As a leader, take time to build strong relationships with others. Not only with your own leaders, or with your direct reports. Those are important, but so are other people. Those who use the work produced by your unit. Those who need to support your unit in creating results. For example, for an information security team, it is often necessary to get help from the IT helpdesk in handling security incidents. If you as a leader have a strong relationship with the leader of the helpdesk team, and some of the key helpdesk members, their willingness to help and make a real effort when the security team needs help, will be much higher. The same goes for the relationships between your team members, and people who work in adjacent teams that we interact with. Value your people’s efforts to build relationships within the unit, in the organization, and even externally.  Even if their day-to-day work is not about external contact to vendors or customers.

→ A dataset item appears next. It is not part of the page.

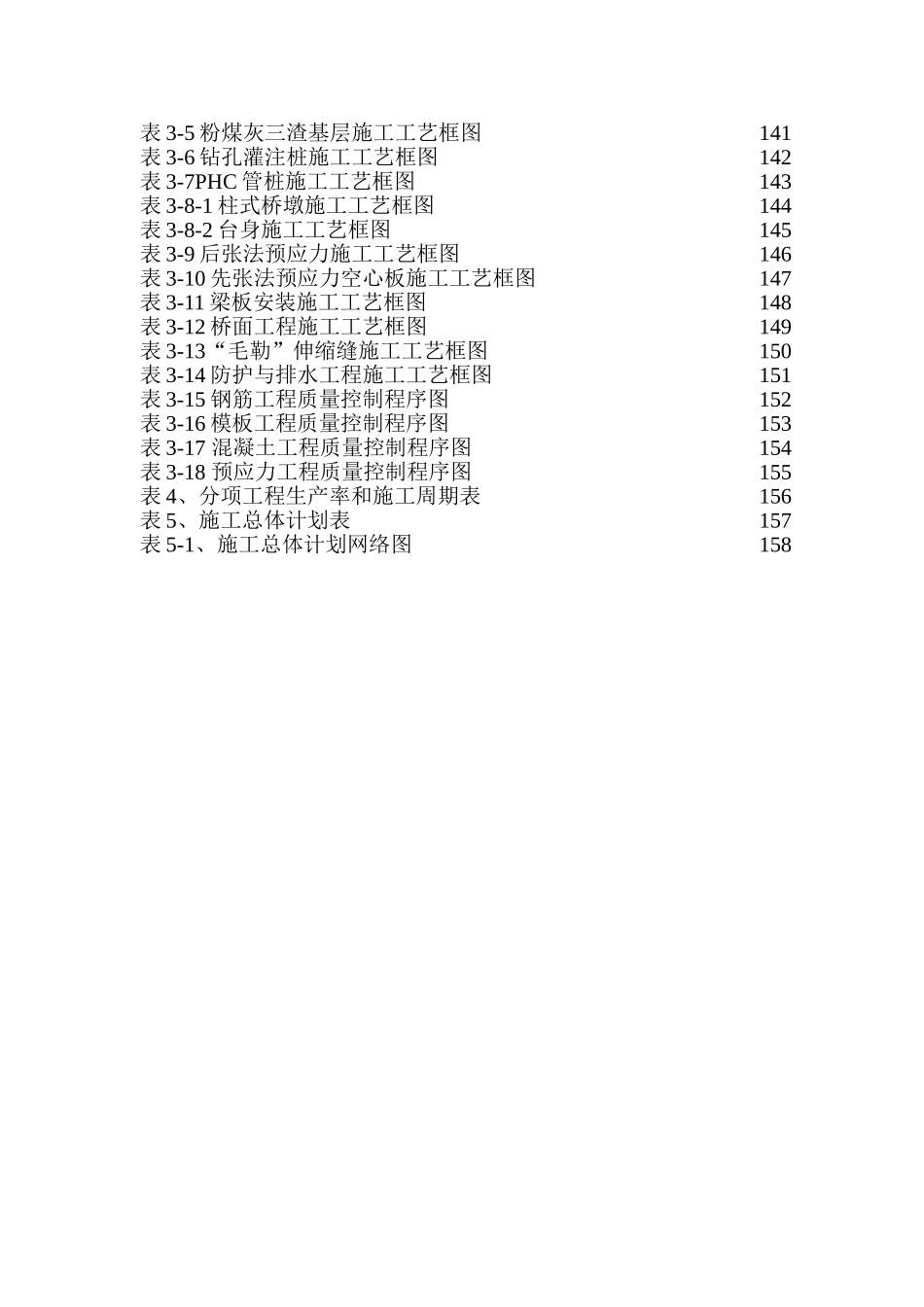 2025年工程建设资料：技术目录.doc_第2页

Every employee is a brand ambassador, and a strong brand drives results across the whole organization, even in business support functions.

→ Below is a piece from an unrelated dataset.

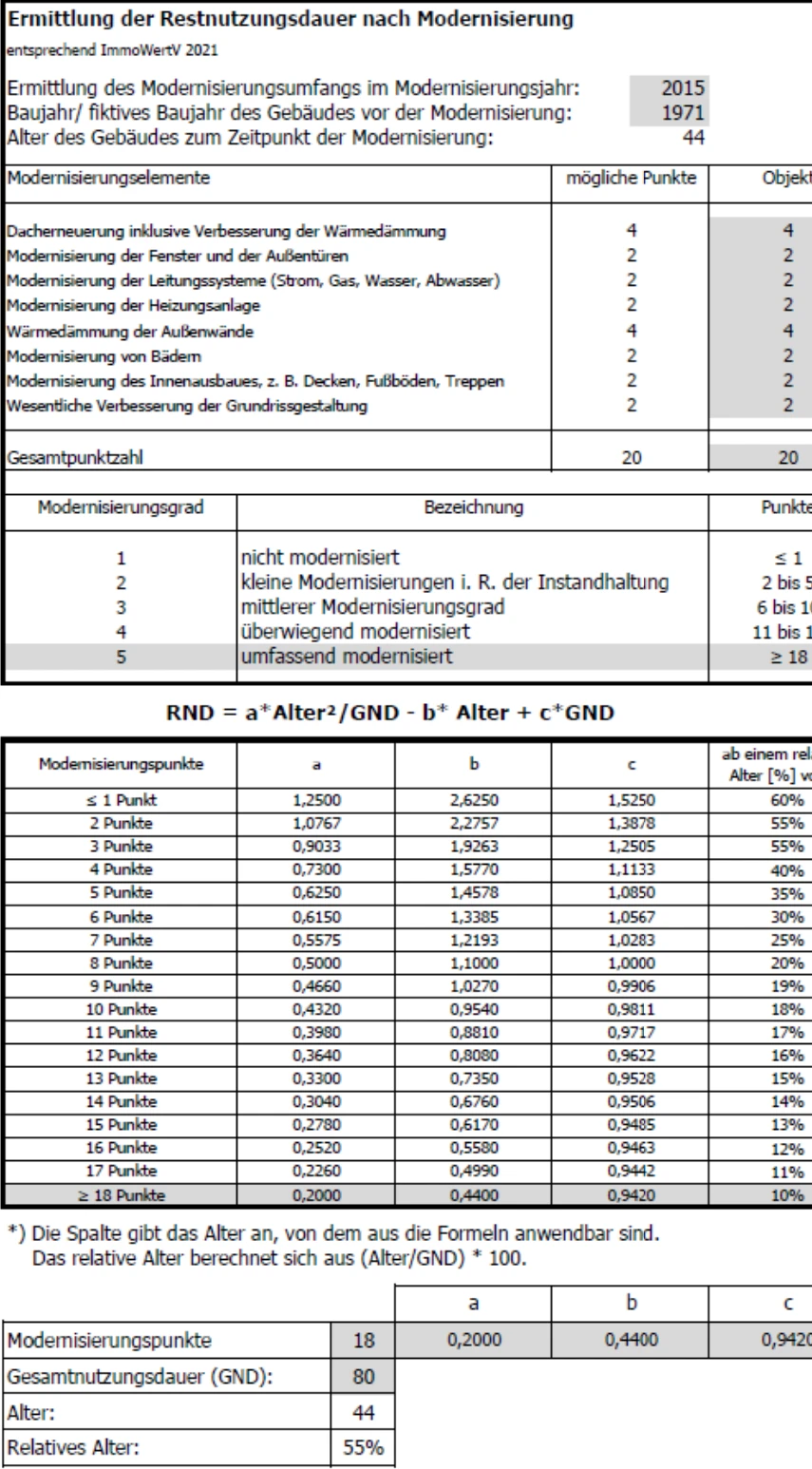 Einfamilienhaus in Gladenbach — Bild 2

As a leader, you should try to encourage and support people’s efforts in building relationships. One can provide arenas such as cross-functional knowledge sharing, or break activities. One can think strategically on how we engage with other units through the work we do and choose ways of working that makes it easier to build relationships to other people. Those relationships create trust, and trust is the parent of collaboration. This way – relationships help us drive performance. They create results.

Valuing results is also very important. This often comes more natural to an organization driven by measurements and reporting. Showing acknowledgement of results help us improve motivation, trigger ideas for improvement, and further create a need for more collaboration. Through that result focus creates a need for relationship management.

  • Celebrate all wins – big and small
  • When things go wrong – appreciate what can be learned. That is a result too.
  • Evaluate results based on outcome, expectation, handling of challenges and effort.
  • We should value the way a result was achieved as much as the result itself.

Embody the values of the organization

Authenticity is key to trust. The actions of an organizations leaders is very visible to that leader’s direct reports, but also to others. A leader who acts in a way that does not harmonize with the organization’s values does not support achieving the vision.

Unauthenticity will drive mistrust. Nobody is willing to go beyond the bare minimum to follow a leader who acts as if he or she does not actually believe in the vision, in the agreed values. This boils down to “walk the way you talk”. If you talk about agility, but opt for micromanagement, this creates dissonance. If you say you want to empower people to innovate but discourage taking risks, little innovation will occur. Authenticity matters. This means not only trying to behave in accordance with the values of the organization superficially, but actively working to bring the system forward just as you expect others to.

Do you want people to innovate? Then you must innovate. Do you want people to share your vision? Then you must invite participation in its creation and how to articulate it. Do you want people to learn and develop? Then you must learn and develop. There is no better way to portray authenticity than letting people see the things you do. Actions reinforce words.

To embody the values of the organization is not only about the actions you take, but also about the expectations you set. If we want to build excellence, we should not tolerate long-term underperformance. But more importantly, we should not tolerate systematic behaviors that go contrary to our values. When underperformance manifests itself, or behaviors that go contrary to our vision, to our stated values, show up repeated, we must act.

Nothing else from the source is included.